Figure 1: Evolution of storage architectures for untrusted networks and clients. Boxes are computers, horizontal lines are communication paths and vertical lines are internal and external interfaces. LAN is a local area network such as Ethernet or FDDI. PAN is a peripheral area network such as SCSI, Fibrechannel or IBM’s ESCON. SAN is an emerging system area network such as ServerNet, Myrinet, Fibrechannel or Ethernet that is common across clients, servers and devices. On the far right, a disk is capable of functions such as seek, read, write, readahead, and simple caching. The object store binds blocks into variable length objects and manages the object layout in the device storage space. The file manager provides naming, directory hierarchies, consistency, access control, and concurrency control. In NASD, storage management is done by recursion on the SAN object interface.

The Local Filesystem

Figure 1 illustrates the main alternatives for storage architecture. The simplest organization, the local filesystem (1), aggregates an application, file management (naming, directories, access control, concurrency control) and low-level storage management. Disk data makes one trip over a simple peripheral area network such as SCSI or Fibrechannel and disks offer a fixed-size block abstraction. Stand-alone computer systems use this organization.

The Distributed Filesystem

To share data more effectively among many computers, an intermediate server machine is introduced (2). If the server offers a simple file access interface to clients, the organization is known as a distributed filesystem. If the server processes data on behalf of the clients, this organization is a distributed database. In this organization, data makes a second network trip to the client and the server machine can become a bottleneck, particularly since it usually serves large numbers of disks.

The Distributed Filesystem with RAID

To transparently improve storage bandwidth and reliability, many systems interpose another computer, such as a RAID controller. This organization (3) adds another peripheral network transfer and store-and-forward stage for data to traverse.

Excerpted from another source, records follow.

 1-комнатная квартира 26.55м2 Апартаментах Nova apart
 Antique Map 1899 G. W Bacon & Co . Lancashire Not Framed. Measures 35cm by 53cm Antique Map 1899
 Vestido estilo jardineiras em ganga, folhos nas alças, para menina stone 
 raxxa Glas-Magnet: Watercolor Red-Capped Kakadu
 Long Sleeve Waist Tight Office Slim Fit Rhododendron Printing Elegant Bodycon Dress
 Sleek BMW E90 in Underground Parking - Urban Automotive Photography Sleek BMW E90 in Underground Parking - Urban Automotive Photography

The DMA-based Distributed Filesystem

Provided that the distributed filesystem is reorganized to logically “DMA” data rather than copy it through its server, a fourth organization (4) reduces the number of network transits for data to two. This system also applies where clients are trusted to maintain filesystem metadata integrity and implement disk striping and redundancy. In this case, client caching of metadata can reduce the number of network transfers for control messages and data to two. Moreover, disks can be attached to client machines which are presumed to be independently paid for and generally idle. This eliminates additional store-and-forward cost, if clients are idle, without eliminating the copy itself.

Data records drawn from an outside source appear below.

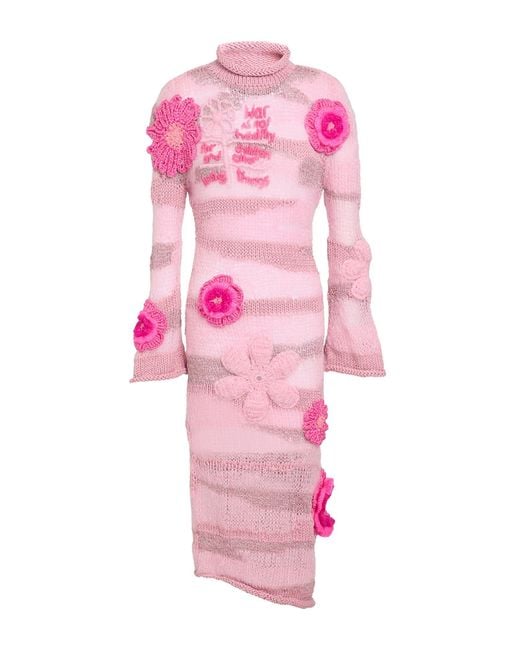 ERL Pink Midi-Kleid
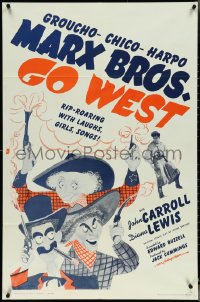 5b1102 GO WEST 1sh R1962 Hirschfeld art of cowboys Groucho, Chico & Harpo Marx in action!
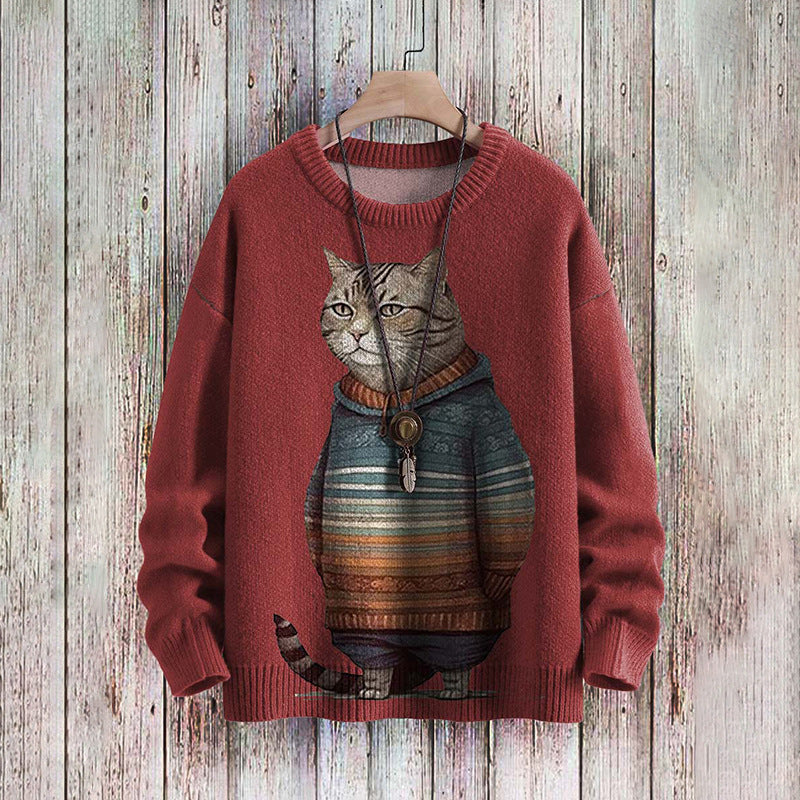 Chic Abstract Print Drop-Shoulder Casual Women's Sweater
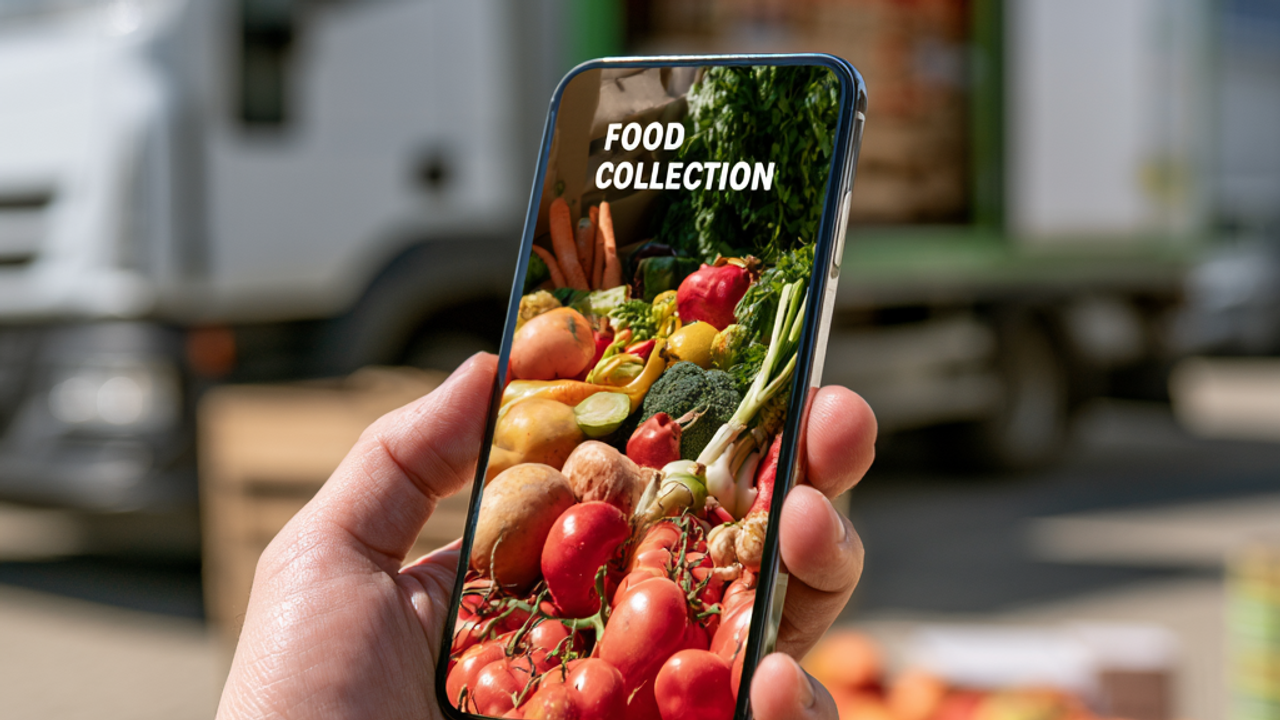 Smartphone app for food collection held up, food lorry behind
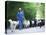 Italy, Umbria, Campi, a Shepherd Bringing His Flock Down from the Hills, with the Help of His Dogs-Katie Garrod-Premier Image Canvas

The NASD-based Distributed Filesystem

In (5), the NASD architecture embeds the disk management functions into the device and offers a variable-length object storage interface while file managers enable repeated client accesses to specific storage objects by granting a cachable capability. Therefore, all data and most control travels across the network once and there is no expensive store-and-forward computer. Using an object interface in storage rather than a fixed-block interface shifts data layout management to the disk. Also, NASD partitions are variable-sized groupings of objects, not physical regions of disk media, enabling the total partition space to be managed easily, in a manner similar to virtual volumes or virtual disks. We also believe that specific implementations can exploit NASD’s uninterpreted filesystem-specific attribute fields to respond to higher-level capacity planning and reservation systems such as HP’s attribute-managed storage.

The NASD-Cheops based Distributed Filesystem

To offer disk striping and redundancy for NASD, we layer the NASD interface. In this organization (6), a storage manager replaces the file manager’s capability with a set of capabilities for the objects that actually make up the high-level striped object. This costs an additional control message but once equipped with these capabilities, clients again access storage objects directly. Redundancy and striping are done within the objects accessible with the client’s set of capabilities, not the physical disk addresses.